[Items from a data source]

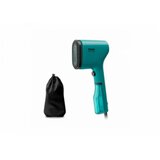 Tefal DT2024 Pure Pop parobrzac zelena parobrzac, Cijene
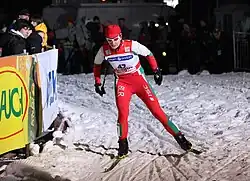 Wolha Wassiljonak (2010)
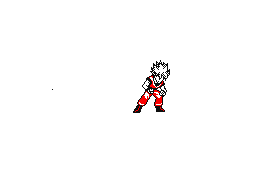 Flipnote by terminator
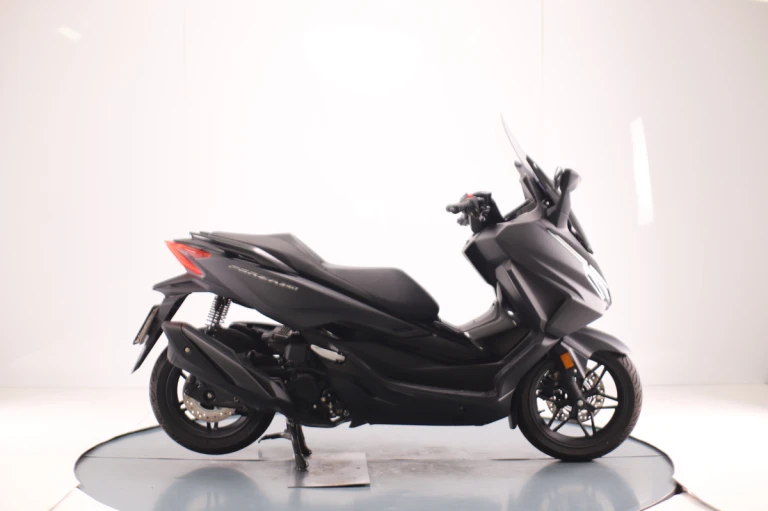 Honda FORZA 350 2023 #3652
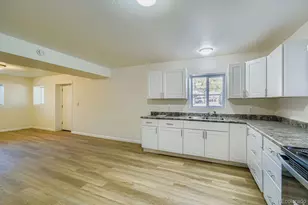 4337 N Cook St, Denver, CO 80216 - Photo 4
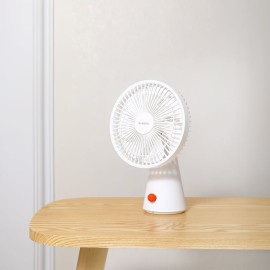 Xiaomi Rechargeable Mini Fan Xiaomi Rechargeable Mini Fan
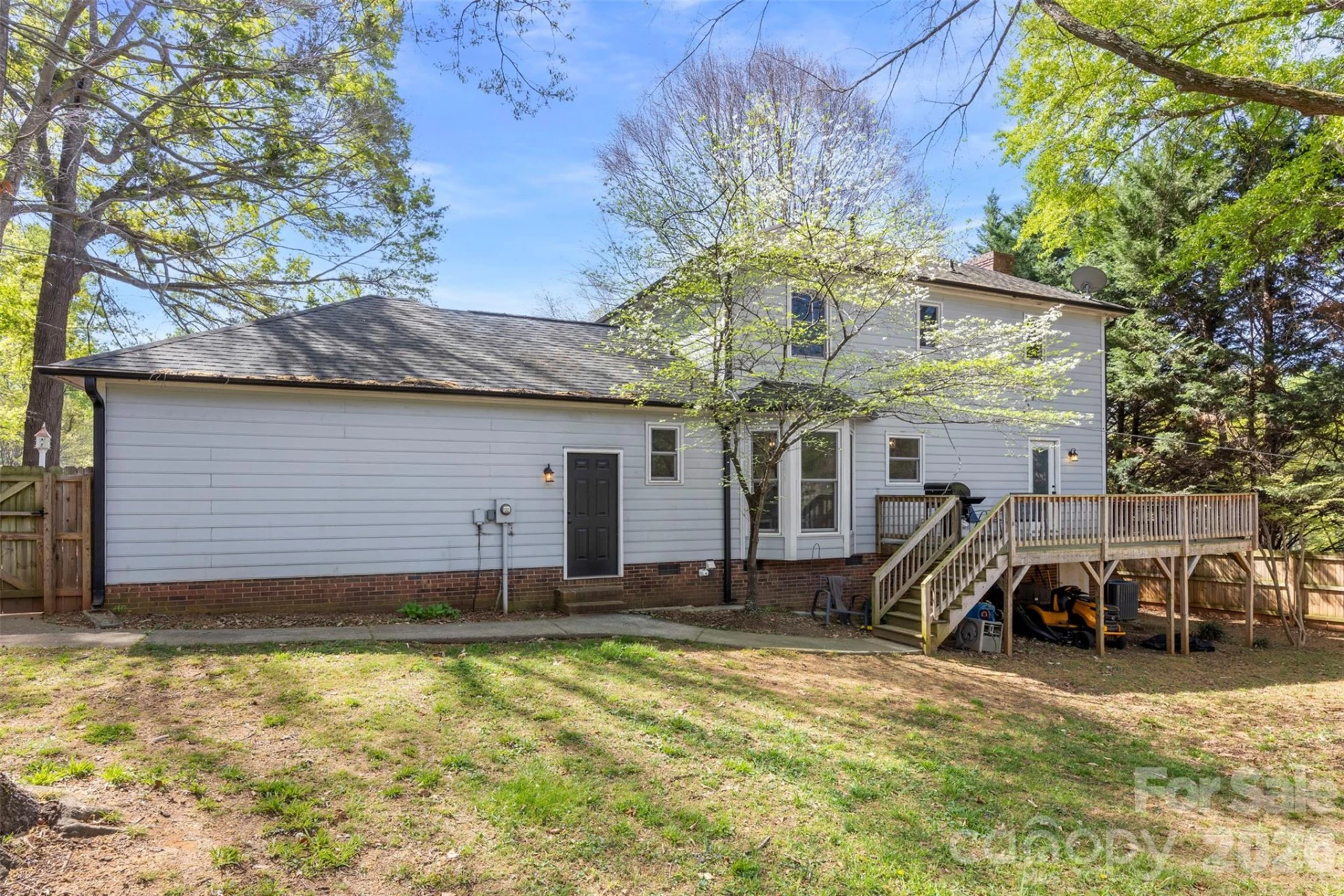 4224 Old Forge Drive - Photo 25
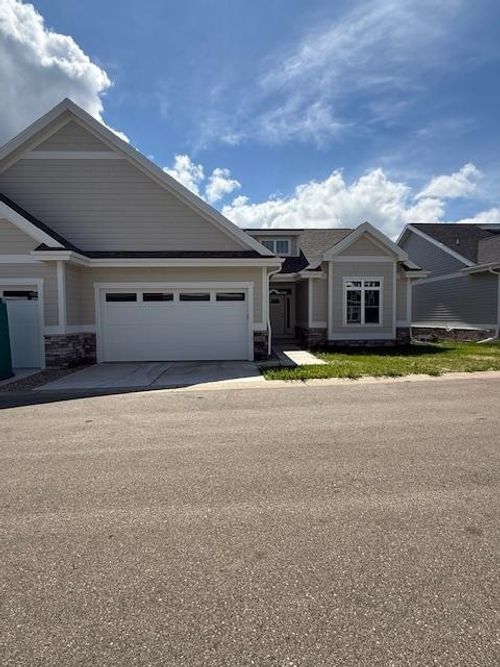 1146 Irene Court, Waunakee, WI, 53597 | Card Image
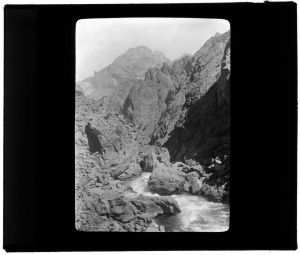 Rivière EFEO_MARH01437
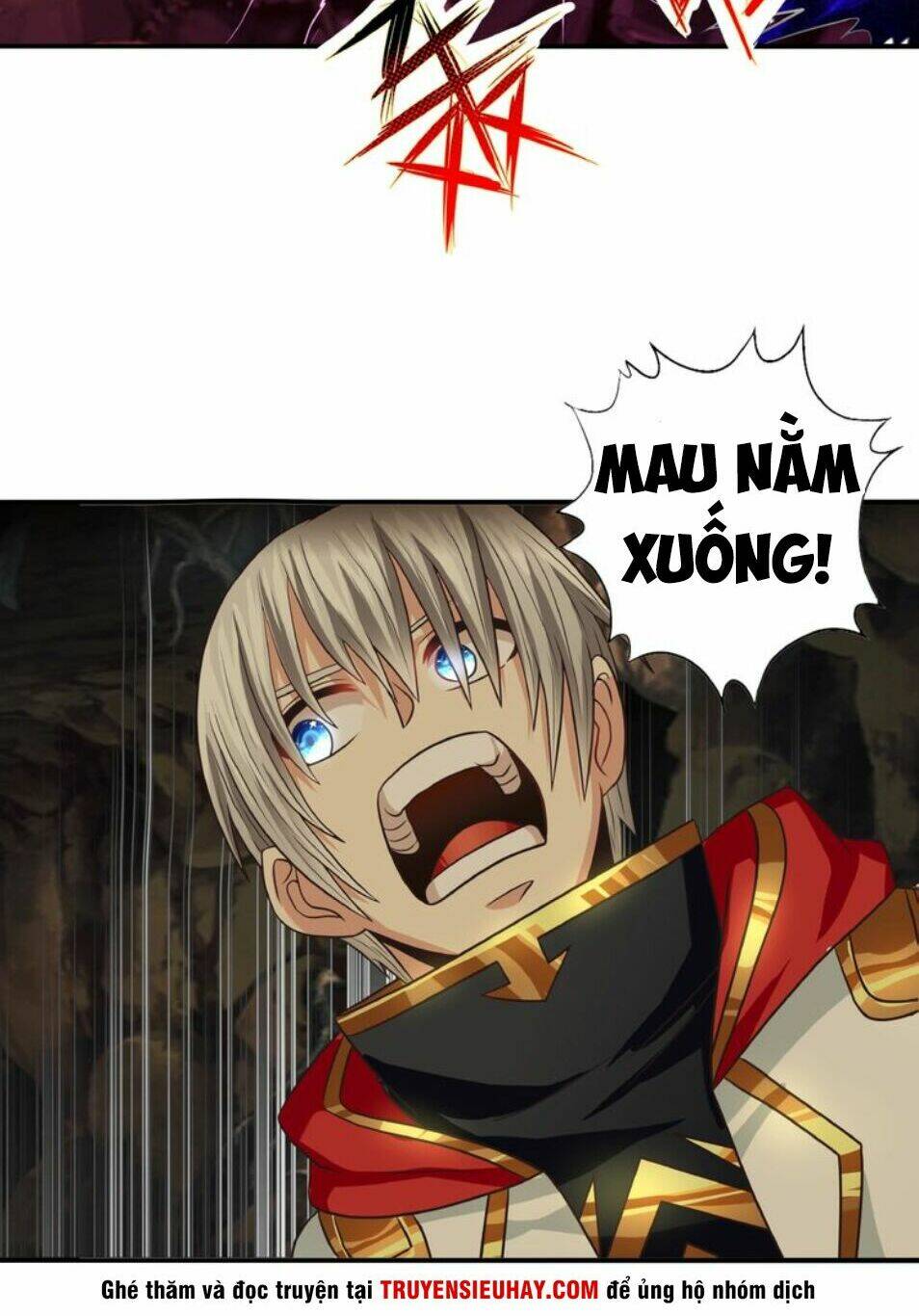 Trang 1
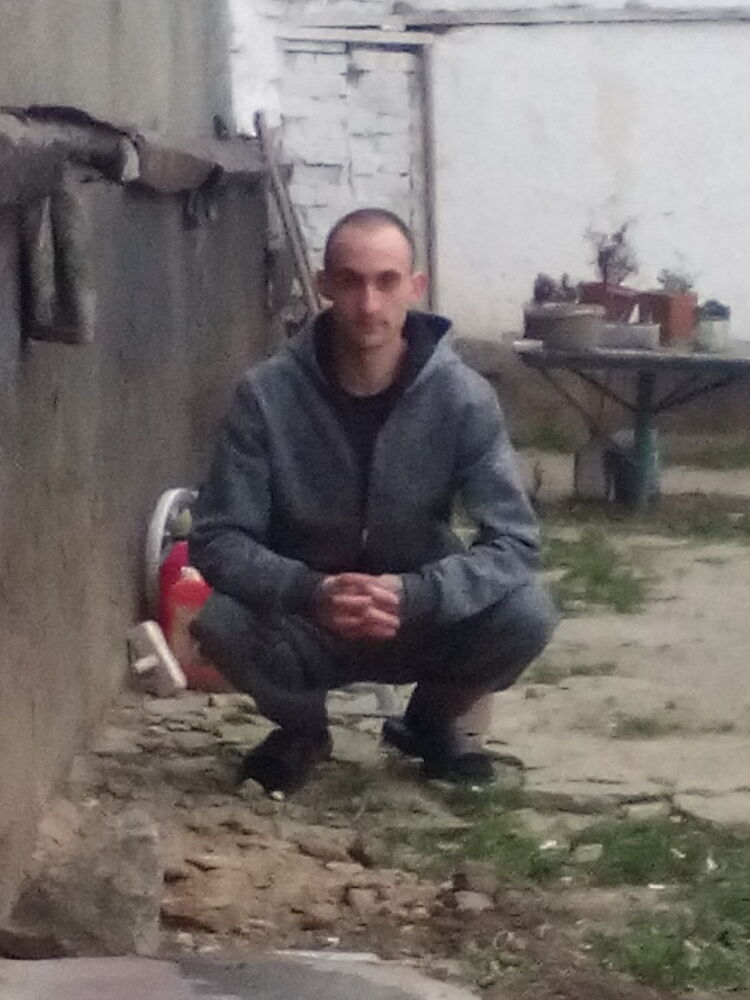 ���� 18899636 ������� ������, 35 ���, ���� ���������� � �����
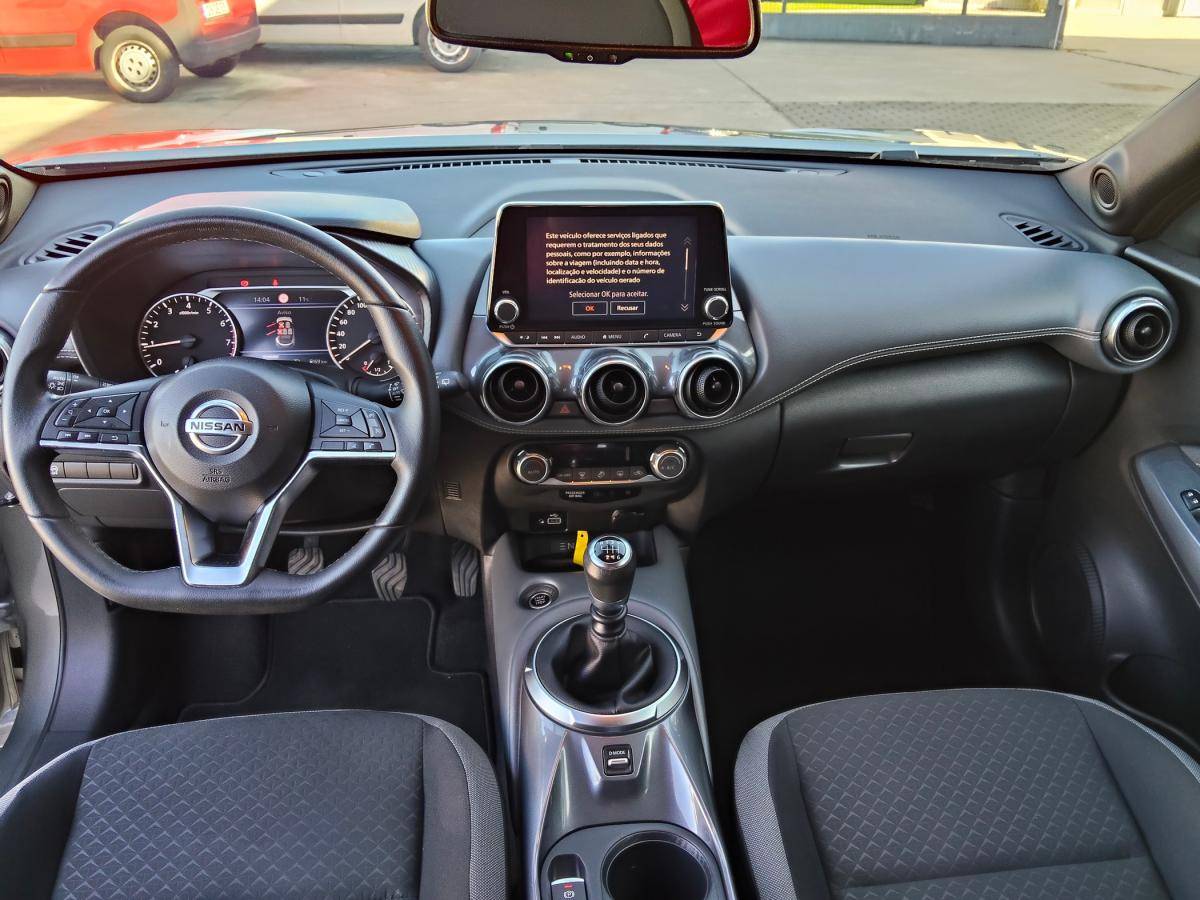 nissan-juke-2021-gasolina-999cc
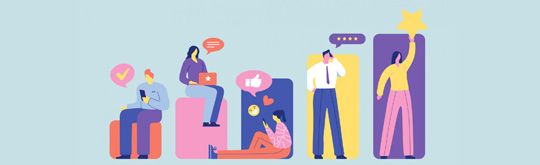 Social-Media-Marketing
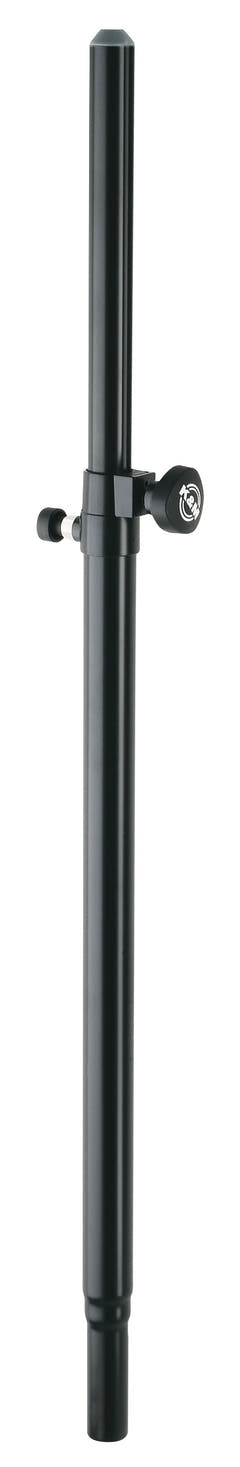 K&M 21336 Välikappale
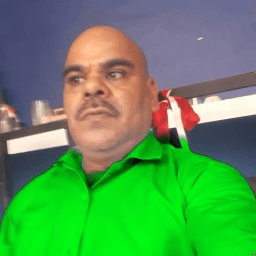 Brahmanand nowni 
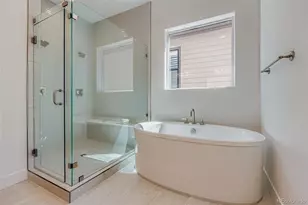 131 Leafy Aster Ln, Castle Rock, CO 80104 - Photo 15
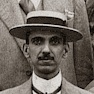 Edgar Ganado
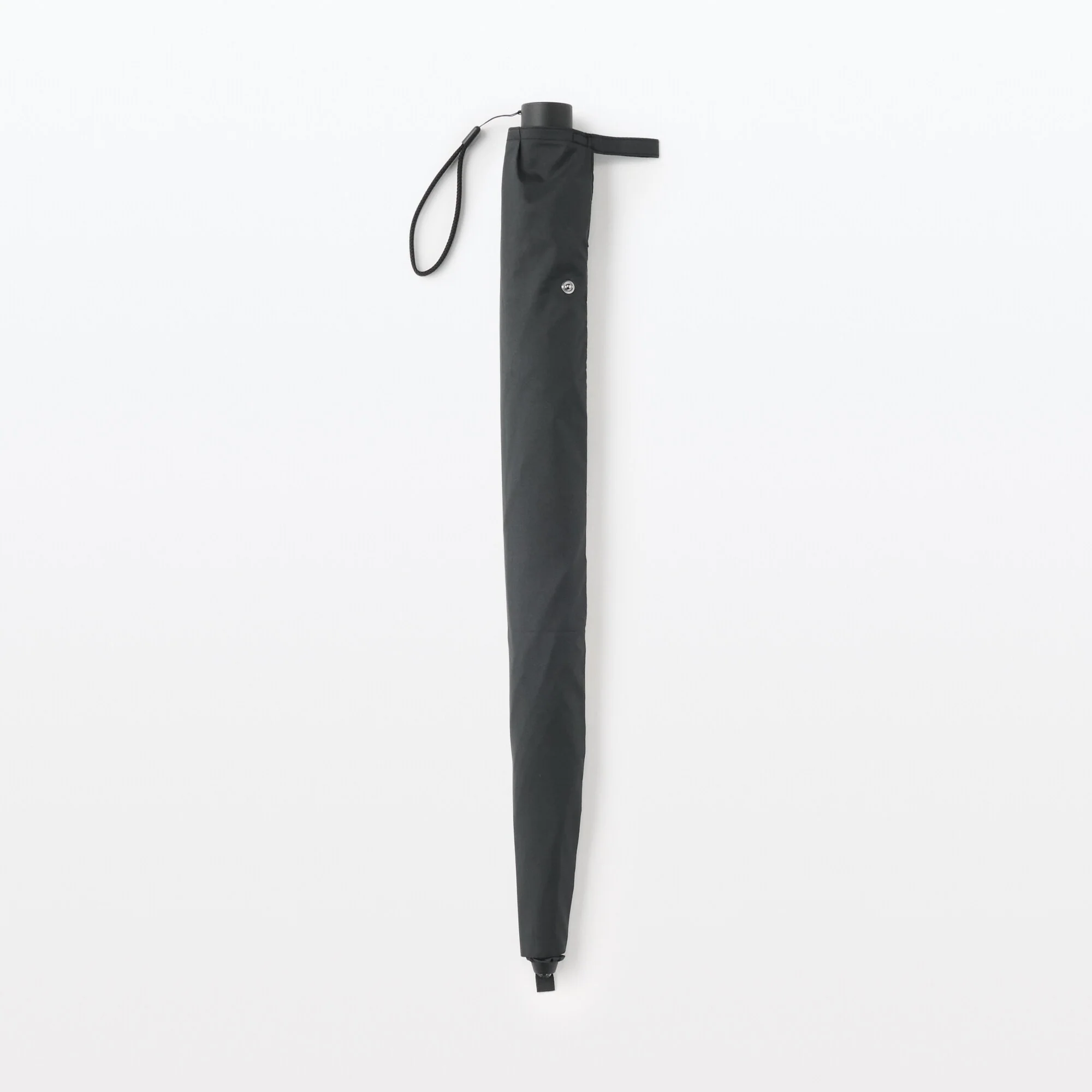 All-Weather 2-Way Foldable Umbrella - Image 21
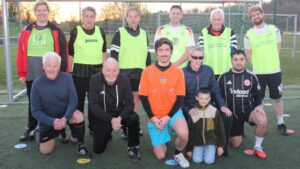 01 walking football gruppe 8ce3e6e91862e83d3a94a0ecb3f17895 mkk 950x534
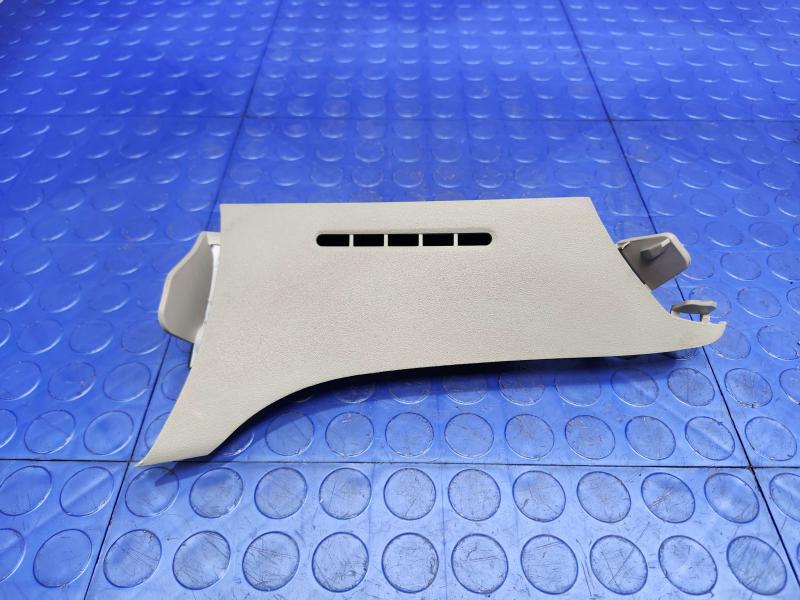 2013 Toyota Prius Misc Ebay Parts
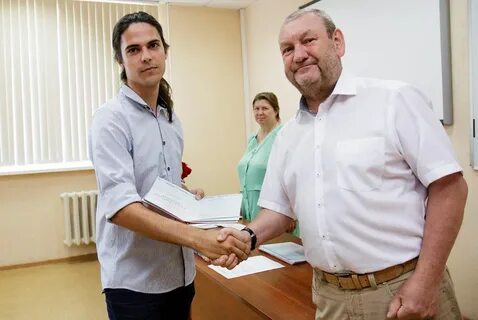 Эндокринолог фаерман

* Problem
Output the data above without changes, apart from leaving out the pictures.

* Reply to the task
 Tefal DT2024 Pure Pop parobrzac zelena parobrzac, Cijene
 Wolha Wassiljonak (2010)
 Flipnote by terminator
 Honda FORZA 350 2023 #3652
 4337 N Cook St, Denver, CO 80216 - Photo 4
 Xiaomi Rechargeable Mini Fan Xiaomi Rechargeable Mini Fan
 4224 Old Forge Drive - Photo 25
 1146 Irene Court, Waunakee, WI, 53597 | Card Image
 Rivière EFEO_MARH01437
 Trang 1
 ���� 18899636 ������� ������, 35 ���, ���� ���������� � �����
 nissan-juke-2021-gasolina-999cc
 Social-Media-Marketing
 K&M 21336 Välikappale
 Brahmanand nowni 
 131 Leafy Aster Ln, Castle Rock, CO 80104 - Photo 15
 Edgar Ganado
 All-Weather 2-Way Foldable Umbrella - Image 21
 01 walking football gruppe 8ce3e6e91862e83d3a94a0ecb3f17895 mkk 950x534
 2013 Toyota Prius Misc Ebay Parts
 Эндокринолог фаерман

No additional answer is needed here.